Charles11 · 27/03/2023 00:12

You have to talk to her about it and get her onside.
Explain to her that ultraprocessed food is really harmful and makes people unwell and overweight and you've decided that you're all going to be healthier as a family.
There are some good documentaries on Netflix if she'll watch anything like that. I found it helpful to show I wasn't some clueless lonesome nagging mum.
The one we saw was vegan orientated but I explained that there's a lot of info out there that say some meat is fine.

confusedaboutcalories · 27/03/2023 07:15

@Janegoldberg keep the focus on her health. As PP said there’s lots of evidence for UPF being addictive and unhealthy. Focus on this aspect rather than anything to do with her weight. Restricting sugar for health and ensuring a balanced diet is not the same as restricting food for weight loss

Too much sugar for teeth is also absolutely relevant - this is the primary reason I don’t allow my primary age children to have lollipops, sugar sweets or fizzy drinks.

Stopping it entirely probably will result in a binge (particularly if her friends have access to it) so I do not recommend but educating her on moderation and acknowledging it’s easier said than done. As someone who has a sweet tooth, stopping after 1 is easier said than done and has taken me a long time to achieve. At her age, the best way of achieving is simply not having any more available

Stugs · 27/03/2023 07:19

Everyone has to restrict their diet to some extent otherwise we'd all be eating junk food and chocolate all day.

Still not sure why you just can't buy sugary snacks for home?

Stugs · 27/03/2023 07:20

*can't NOT buy...

rookiemere · 27/03/2023 07:26

I would once again urge caution on this OP.

She's almost a teen and will start making many of her own decisions going forward. Push too hard one way, and she'll almost feel obligated to push the other.

It sounds like you're trying to handle it in a sensible way. When I overate as a tween/teen it was because my DPs were quite controlling, I felt ugly and powerless and sweet food made me feel good for a short while until it made me feeling worse.

Being there for her emotionally is the important thing. Most teens grow out of the sweetie stage once they become interested in clothes and relationships.

Stugs · 27/03/2023 07:27

So.much.overthinking

Just stop buying sweets and biscuits. All of them. If she eats crap at school that's on her. You are allowed to buy healthy food to eat at home! You have the power!

PinkFrogss · 27/03/2023 08:29

Is there a big purchase she wants you could encourage her to save up for? E.g a Nintendo switch, agree to go halves on it if she saves up her half.
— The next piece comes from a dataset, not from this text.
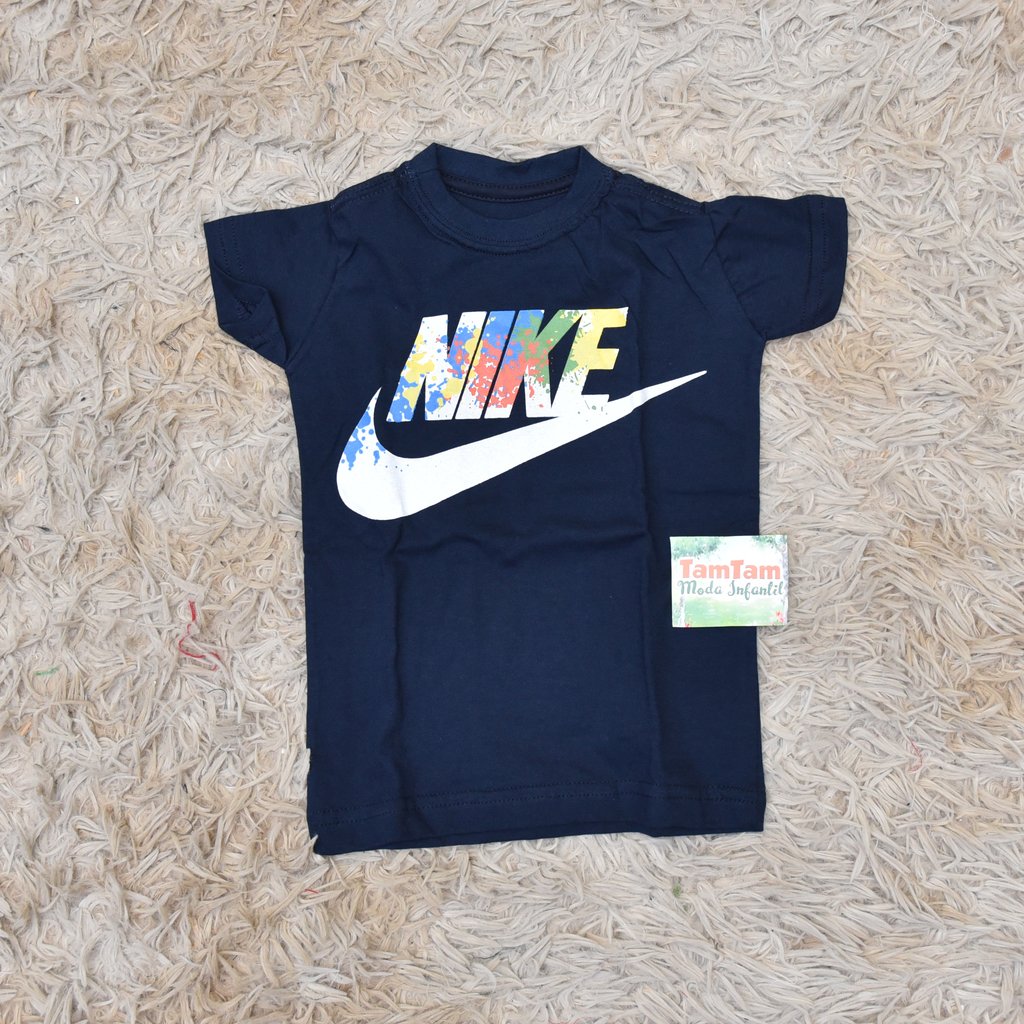Camisa Nike azul color - Tam Tam Moda Infantil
May stop her spending so much on sweets when out.

It sounds like she’s frittering away a lot of money on sweets so may be good to generally review what pocket money she is getting and for what. She may naturally spend less if she had a better understanding of the value of money.

TheaBrandt · 27/03/2023 08:33

Several of dds dafter friends did this when they first went to secondary “ooh we can buy donuts everyday no one can stop us!”. Then they began to put on weight and most of the “cool” girls then get into healthy / eating / fitness as they want to look good so the donut group eventually stopped that and joined in. This is just what I have observed!

Beautiful3 · 27/03/2023 08:38

I was that obese girl. I put a stone on each year. She will gain so much more weight within a few years. The best thing anyone did to help me, was to sit down with me and explain that I wasn't very healthy and am storing fat on my body. She showed me what to cut out, and eat more of. She honestly saved me. I told my parents to stop buying me chocolate and crisps. I lost weight so easily, I was amazed at myself. You need to talk to her.